Parishes and port chaplaincies can play a key role in tackling human rights abuses at sea, especially for those trapped in the “invisible chains” of human trafficking, Ferns’s Bishop Denis Brennan has said.
“People imagine it happens somewhere else, but it happens here too,” Dr Brennan told The Irish Catholic, adding that given the scale of the problem in the UK, “we can’t imagine we’re isolated from this issue”.
The bishop’s comments come after a week-long conference in Taiwan, where he and 250 bishops, chaplains and academics discussed human trafficking and other abuses under the theme ‘Caught in the net’.
Speaking at the beginning of the 24th World Congress of the Apostleship of the Sea, the bishop had described human trafficking as “modern slavery”, and said the Church can offer “‘safe harbours’ for those who seek our care” in ports around the world.
Port chaplains, he told The Irish Catholic, engage in “silent unseen work, but work that is vital for the welfare of so many who transport to us so much, who supply us with food and goods and who have needs themselves, from a simple word of encouragement to a need to speak of difficulties, fears or abuses”.

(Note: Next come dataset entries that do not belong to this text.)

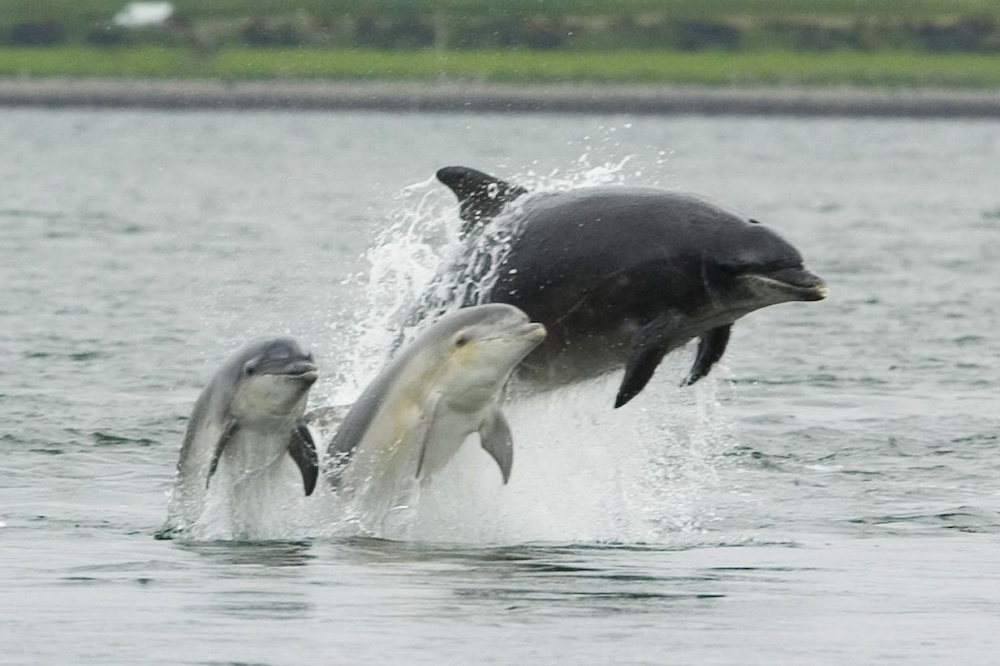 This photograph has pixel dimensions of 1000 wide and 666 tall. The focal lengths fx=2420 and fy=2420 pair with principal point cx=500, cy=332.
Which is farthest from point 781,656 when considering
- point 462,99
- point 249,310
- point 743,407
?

Noting the extent of Irish engagement with the sea, whether through fishing or through trade, he said he was “looking to make sure we’re not sleepwalking through something that’s closer to home than we might think”.
Dr Brennan attended the conference as bishop promoter of the Apostleship of the Sea and as the Irish bishops’ representative in the Santa Marta group, an alliance of police chiefs, bishops, and civic leaders who work to tackle the issue of human trafficking.
Praising the work of Rose Kearney, administrator of Dublin’s Stella Maris centre, and her team, Dr Brennan added that Church support for victims of human trafficking or other abuses should not be limited to port chaplaincies.
“Parishes and caring communities are good places where people who do feel trapped or trafficked can provide a listening ear, and an opportunity or an opening to get out,” he said.
“It’s proven very effective in England,” he added.